===== Data to use =====
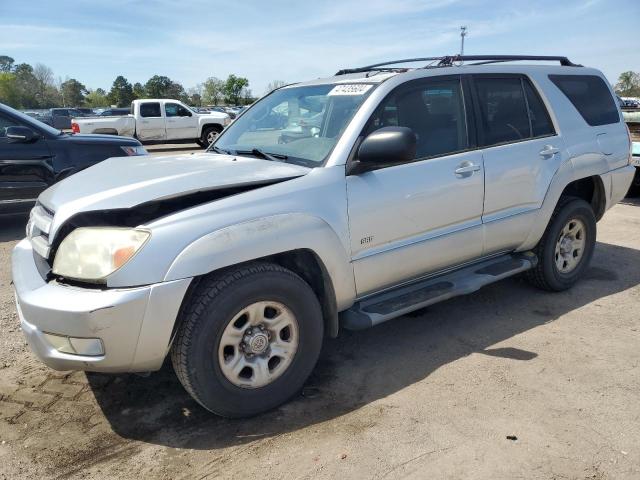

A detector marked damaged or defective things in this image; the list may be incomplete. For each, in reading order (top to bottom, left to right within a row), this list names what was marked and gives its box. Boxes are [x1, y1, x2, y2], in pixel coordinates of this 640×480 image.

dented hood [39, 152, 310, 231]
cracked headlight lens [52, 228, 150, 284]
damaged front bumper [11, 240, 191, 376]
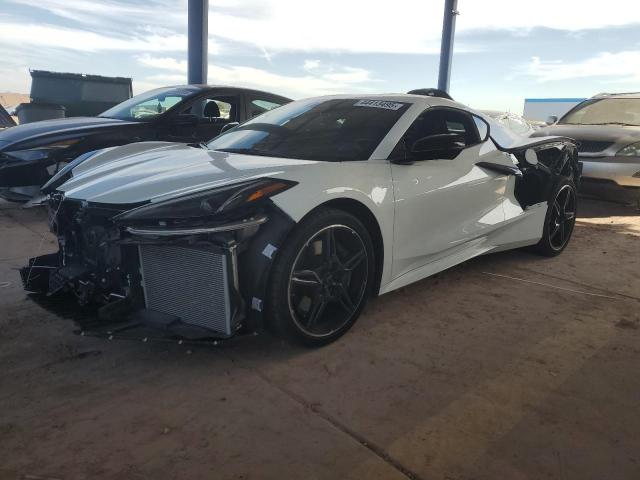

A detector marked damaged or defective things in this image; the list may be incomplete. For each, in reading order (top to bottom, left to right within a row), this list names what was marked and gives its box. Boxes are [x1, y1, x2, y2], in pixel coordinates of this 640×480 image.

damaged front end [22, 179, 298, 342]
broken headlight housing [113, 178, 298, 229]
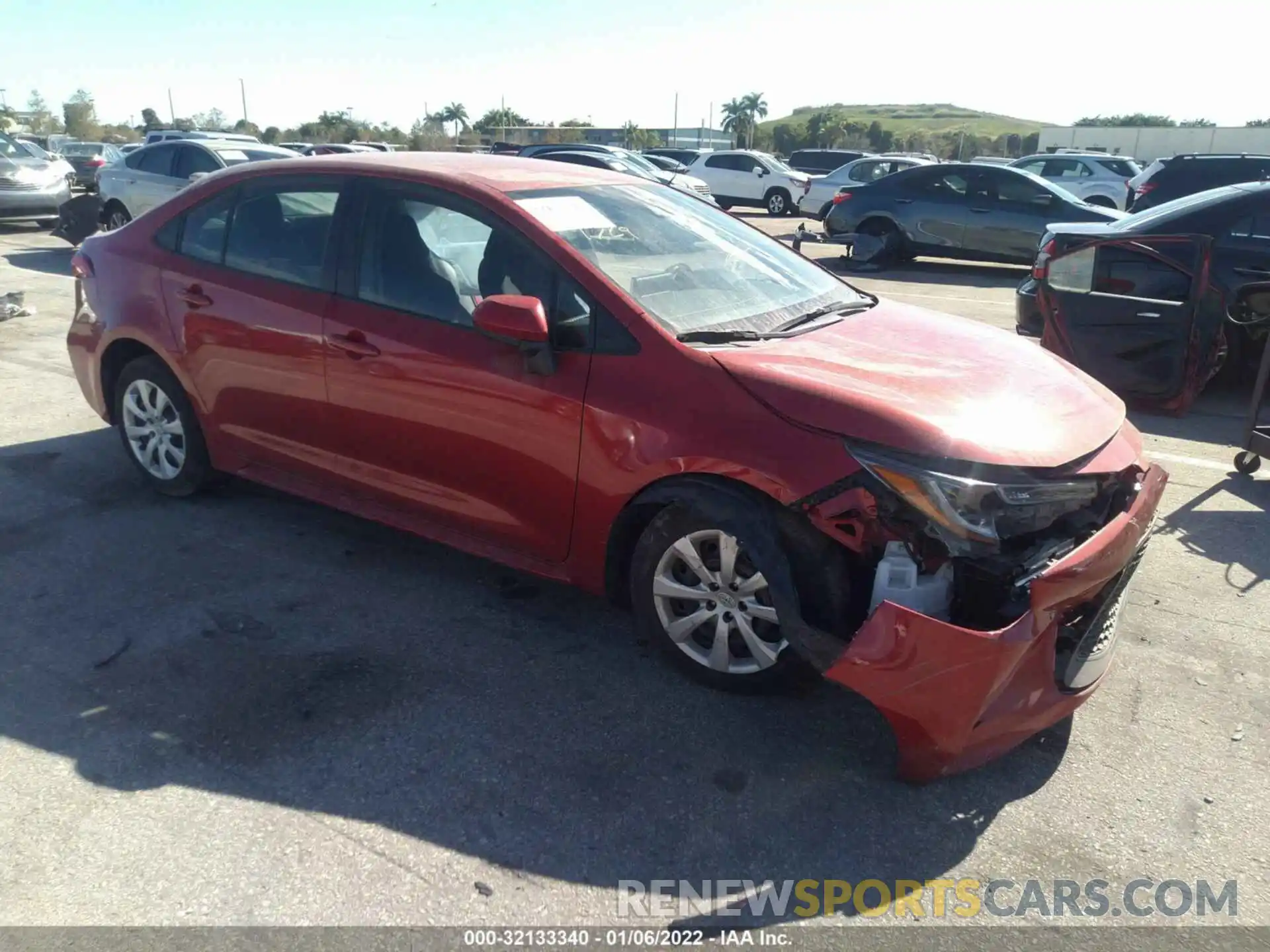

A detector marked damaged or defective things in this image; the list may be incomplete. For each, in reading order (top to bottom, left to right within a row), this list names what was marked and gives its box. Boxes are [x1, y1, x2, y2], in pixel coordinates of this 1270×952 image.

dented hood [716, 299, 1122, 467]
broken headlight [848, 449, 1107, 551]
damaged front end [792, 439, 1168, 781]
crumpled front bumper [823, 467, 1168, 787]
=====
===== Data to use =====
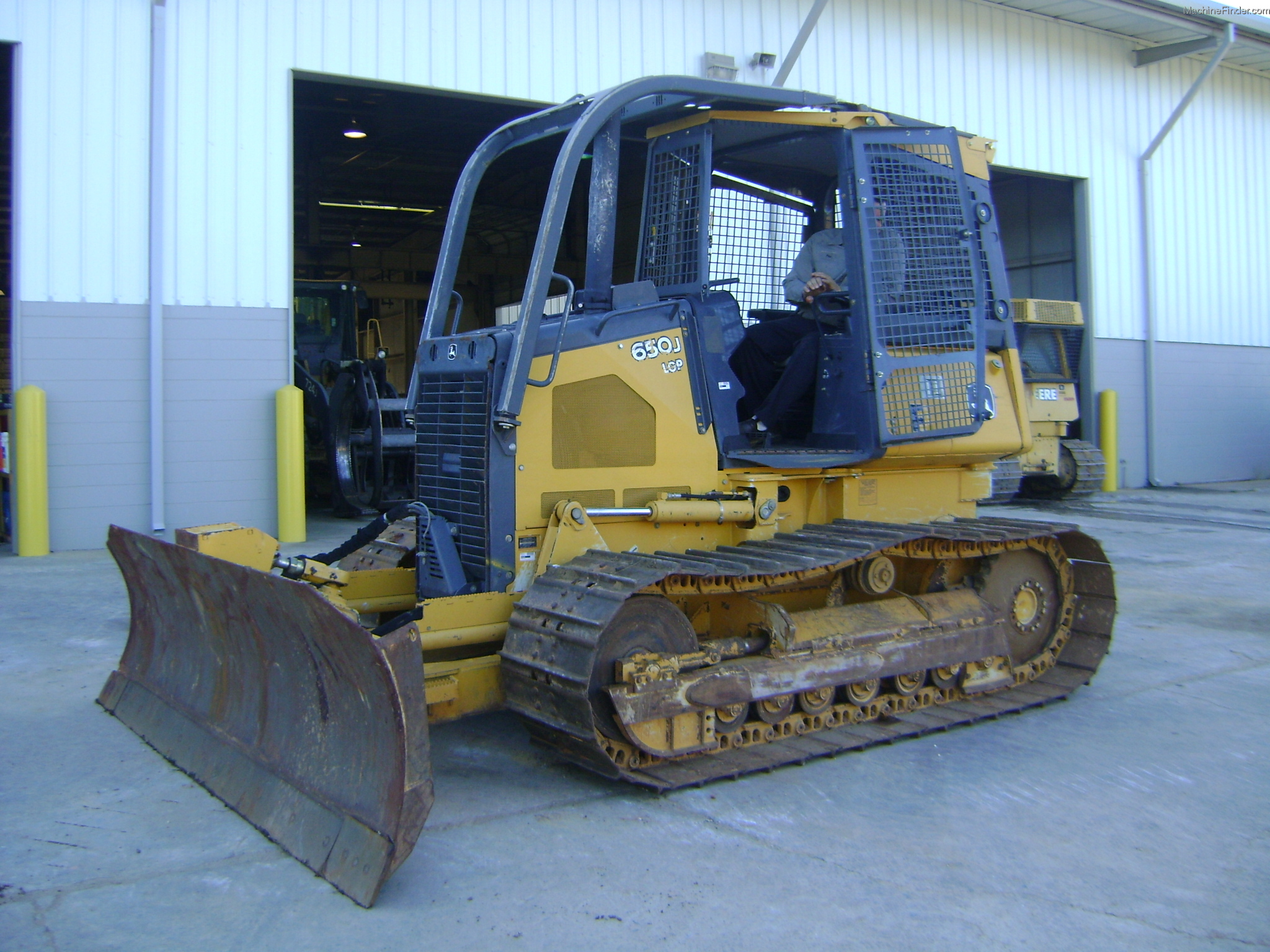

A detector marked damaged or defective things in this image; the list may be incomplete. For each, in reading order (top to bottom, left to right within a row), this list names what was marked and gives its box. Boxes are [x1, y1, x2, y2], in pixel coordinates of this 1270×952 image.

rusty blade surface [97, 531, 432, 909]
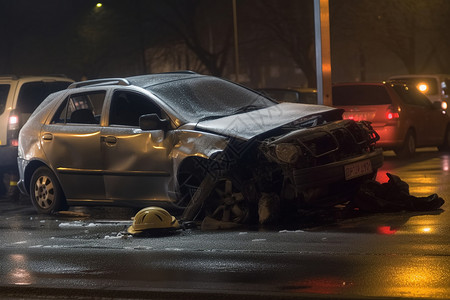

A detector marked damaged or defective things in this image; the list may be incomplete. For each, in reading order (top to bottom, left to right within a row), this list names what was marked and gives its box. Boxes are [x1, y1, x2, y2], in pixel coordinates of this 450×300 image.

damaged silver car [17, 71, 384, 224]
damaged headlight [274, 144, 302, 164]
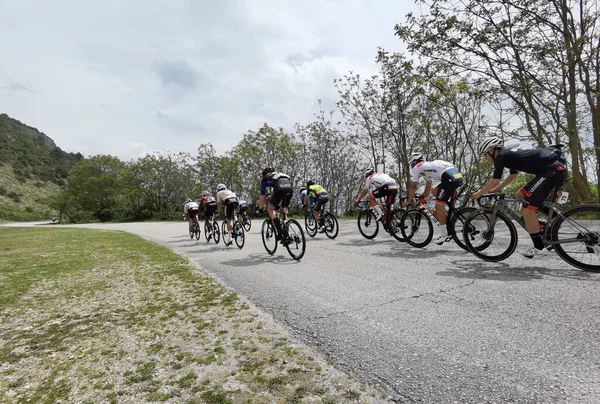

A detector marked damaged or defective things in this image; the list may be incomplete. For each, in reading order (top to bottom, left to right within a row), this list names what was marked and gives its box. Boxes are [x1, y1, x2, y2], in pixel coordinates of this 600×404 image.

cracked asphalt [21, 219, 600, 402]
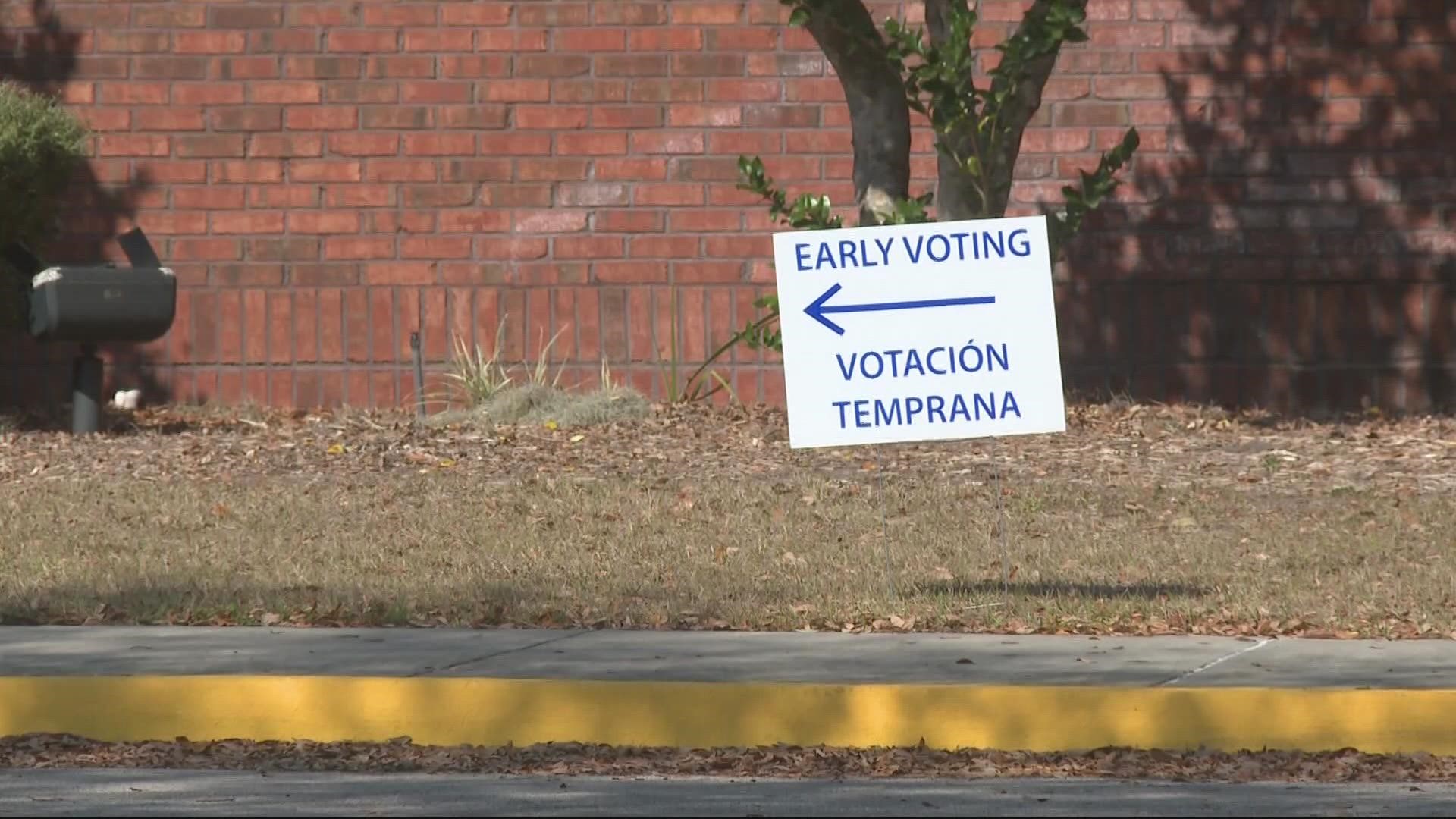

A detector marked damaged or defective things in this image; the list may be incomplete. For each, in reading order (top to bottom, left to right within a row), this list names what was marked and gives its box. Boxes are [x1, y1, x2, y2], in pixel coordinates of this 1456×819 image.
=====
===== Data to use =====
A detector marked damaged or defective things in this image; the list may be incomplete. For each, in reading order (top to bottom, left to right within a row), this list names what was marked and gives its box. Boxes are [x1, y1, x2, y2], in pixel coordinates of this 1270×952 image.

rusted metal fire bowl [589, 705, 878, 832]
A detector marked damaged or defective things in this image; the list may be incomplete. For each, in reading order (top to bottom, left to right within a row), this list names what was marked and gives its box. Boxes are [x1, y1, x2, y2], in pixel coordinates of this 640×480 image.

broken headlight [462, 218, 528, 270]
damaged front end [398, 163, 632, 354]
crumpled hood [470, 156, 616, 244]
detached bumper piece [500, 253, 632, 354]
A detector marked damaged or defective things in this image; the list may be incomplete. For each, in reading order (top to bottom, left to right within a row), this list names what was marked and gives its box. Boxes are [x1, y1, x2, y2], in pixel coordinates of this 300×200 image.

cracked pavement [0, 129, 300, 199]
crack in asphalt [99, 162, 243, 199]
=====
**The task**.
In the records above, find the line containing "this 600×404 image." and the line containing "this 1456×819 image.", then give both of them again word for word along with every line between. Omit any pictures.

**Answer to the exercise**.
A detector marked damaged or defective things in this image; the list may be incomplete. For each, in reading order (top to bottom, left to right within a row), this list names what was marked and gives its box. Boxes are [x1, y1, x2, y2], in pixel coordinates of this 600×404 image.

cracked asphalt [21, 219, 600, 402]

A detector marked damaged or defective things in this image; the list may be incomplete. For each, in reading order (top to bottom, left to right within a row), this list names what was marked and gives its box. Boxes are [x1, y1, x2, y2], in pixel coordinates of this 1456×819 image.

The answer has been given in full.